For someone not knowing what this script is supposed to do, the help is a bit 
scarce. What about adding the following, which is more in line with the 
existing scripts:


#!/usr/bin/env bpftrace
/*
 * Copyright (c) 2022 Red Hat, Inc.
 *
 * Licensed under the Apache License, Version 2.0 (the "License");
 * you may not use this file except in compliance with the License.
 * You may obtain a copy of the License at:
 *
 *     http://www.apache.org/licenses/LICENSE-2.0
 *
 * Unless required by applicable law or agreed to in writing, software
 * distributed under the License is distributed on an "AS IS" BASIS,
 * WITHOUT WARRANTIES OR CONDITIONS OF ANY KIND, either express or implied.
 * See the License for the specific language governing permissions and
 * limitations under the License.
 *
 *
 * Script information:
 * -------------------
 * watch_flows.bt uses the USDTs probes to determine all flows put (sent)
 * the kernel, and filters out the ones containing a specific key attribute
 * (enum ovs_key_attr). For these entries, it will display the invalidate
 * reasons.
 *
 * The following is an example of how to use the script on the running
 * ovs-vswitchd process caputing all flow that have a OVS_KEY_ATTR_TCP
 * attribute key:
 *
 *   # ./watch_flows.bt -p `pgrep -n ovs-vswitchd` 9
 *   --------------------------------------------------------------
 *   |                   Tracking flow lifecycles                 |
 *   --------------------------------------------------------------
 *   Target traffic was spotted: ufid:208e36c4-9b28-4a5b-a4ed-d6585e18f6ca
 *   Target traffic was spotted: ufid:82108fe4-34a4-4758-b871-91f68c2c0ae8
 *   ufid:208e36c4-9b28-4a5b-a4ed-d6585e18f6ca was invalidated because it timed 
out.
 *   ufid:82108fe4-34a4-4758-b871-91f68c2c0ae8 was invalidated because it timed 
out.
 *
 * If you would like to trace all flow events, ommit the ovs_key_attr paramer.
 *
 * NOTE: The attribute values for the OVS_KET_ATTR_* can be found in
 *       include/linux/openvswitch.h
 *
 */


> +#include <linux/sched.h>
> +
> +#define MAX_ATTRS       32
> +#define MAX_KEY         2048
> +
> +union ufid {
> +    u32 ufid32[4];
> +    u64 ufid64[2];
> +}
> +
> +struct flowput {
> +    u32 flags;
> +    u64 key_ptr;
> +    u64 key_len;
> +    u64 mask_ptr;
> +    u64 mask_len;
> +    u64 action_ptr;
> +    u64 action_len;
> +    u64 ufid_loc;
> +}
> +
> +struct ukey {
> +    u64 cmap_node;
> +    u64 key_ptr;
> +    u64 key_len;
> +    u64 mask_ptr;
> +    u64 mask_len;
> +    union ufid ufid;
> +}
> +
> +struct attr {
> +    u16 len;
> +    u16 type;
> +}
> +
> +BEGIN
> +{
> +    
> printf("--------------------------------------------------------------\n");
> +    printf("|                   Tracking flow lifecycles                 
> |\n");
> +    
> printf("--------------------------------------------------------------\n");
> +}
> +
> +usdt::dpif_netlink_operate__:op_flow_put
> +{
> +    /*
> +     * read the flow_put operation and get the ufid from it.

Capital R for Read.

> +     * If the trait that we're watching is in the flow key, then

I think you should change trait here to attribute.

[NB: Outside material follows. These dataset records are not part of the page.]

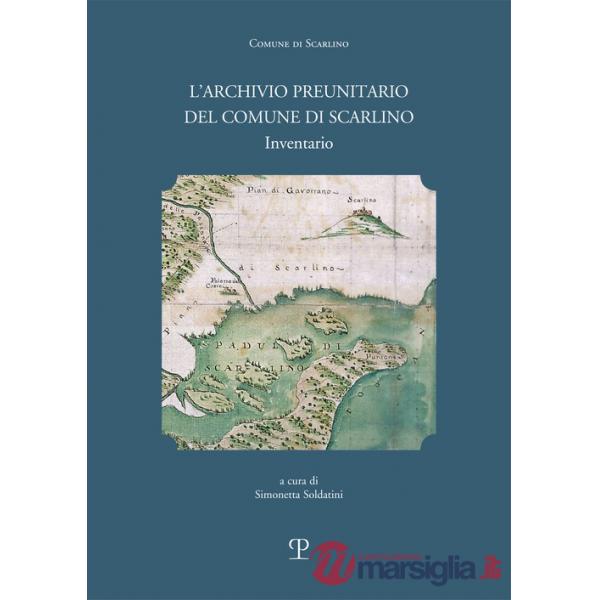 Archivio preunitario del comune di Scarlino (1439 -1833 ). Inventario (L')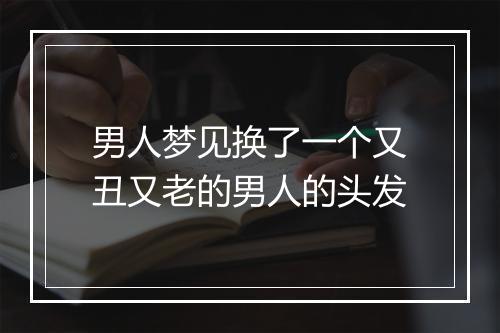 男人梦见换了一个又丑又老的男人的头发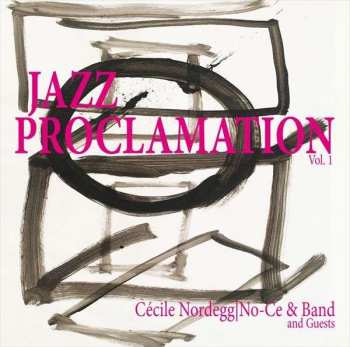 Album Cécile Nordegg: Jazz Proclamation Vol.1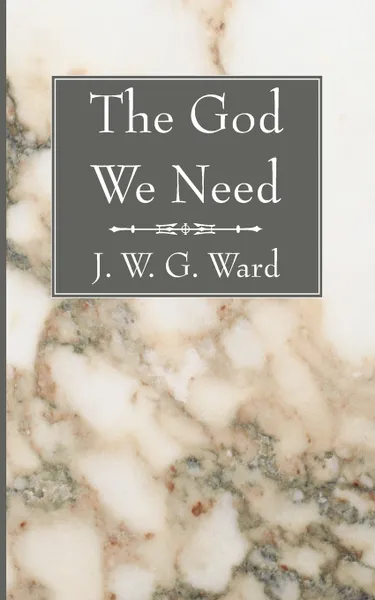 Обложка книги The God We Need, J. W. G. Ward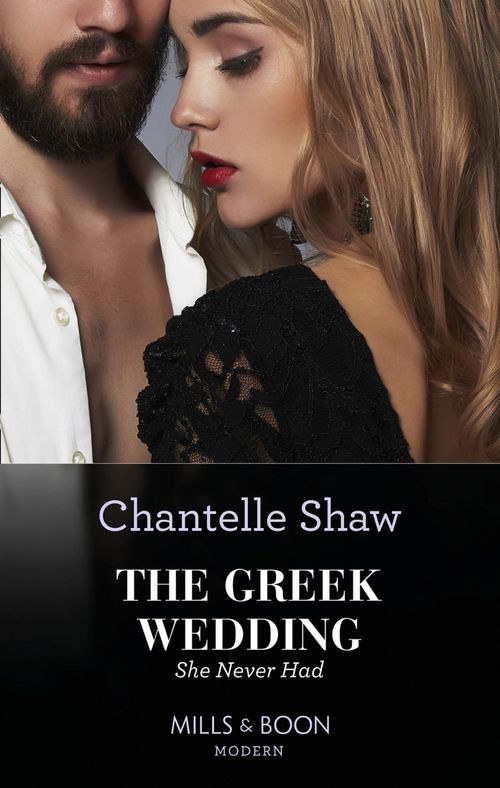 The Greek Wedding She Never Had (Innocent Summer Brides, Book 1) (Mills & Boon Modern) by Chantelle Shaw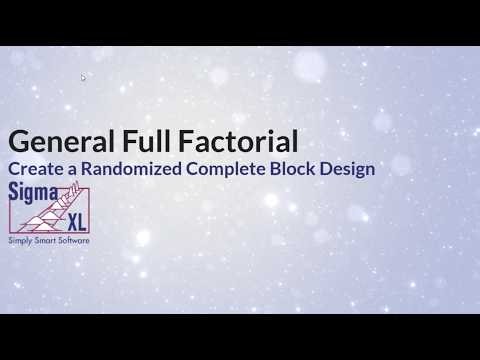 Creating an RCBD with General Full Factorial DOE in SigmaXL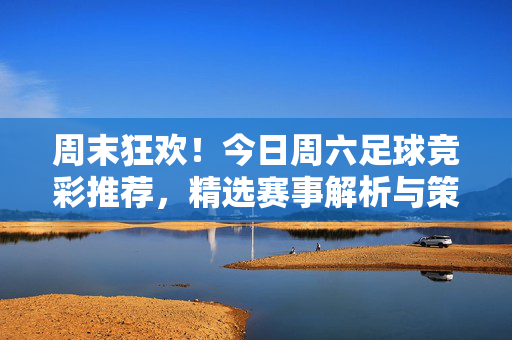 周末狂欢！今日周六足球竞彩推荐，精选赛事解析与策略指南，周末狂欢！今日周六足球竞彩推荐，精选赛事解析与策略指南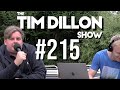#215 - Petty Little Pig | The Tim Dillon Show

> +     * increment the watchlist entry with a key equal to the ufid.
> +     */
> +    $ptr = (struct flowput *) arg1;
> +    $pArr = (union ufid *) $ptr->ufid_loc;
> +    $num_attrs = (uint64) 0;
> +    $key_posn = (uint64) 0;
> +    while($num_attrs < MAX_ATTRS && $key_posn < MAX_KEY) {
> +        if((uint64) $key_posn >=  $ptr->key_len) {
> +            break;
> +        }
> +        $pAttr = (struct attr *) ((uint8*) $ptr->key_ptr + $key_posn);
> +        if ($# == 0) {
> +            printf("Now watching flow:\t");
> +            printf("ufid:%08x-%04x-%04x-%04x-%04x%08x\n",$pArr->ufid32[0],
> +                   $pArr->ufid32[1] >> 16, $pArr->ufid32[1] & 0xffff,
> +                   $pArr->ufid32[2] >> 16, $pArr->ufid32[2] & 0xffff,
> +                   $pArr->ufid32[3]);
> +            @watchlist[$pArr->ufid64[0],$pArr->ufid64[1]]++;
> +            break;
> +        } else if ($# > 0 && $pAttr->type == $1) {
> +            printf("Target traffic was spotted.\t");

Keep the format the same as before, something like:

    printf("Target traffic was spotted: \t”);

I would also remove the \t and just add a single space to save on screen real 
estate (same for the previous “Now watching flow:”).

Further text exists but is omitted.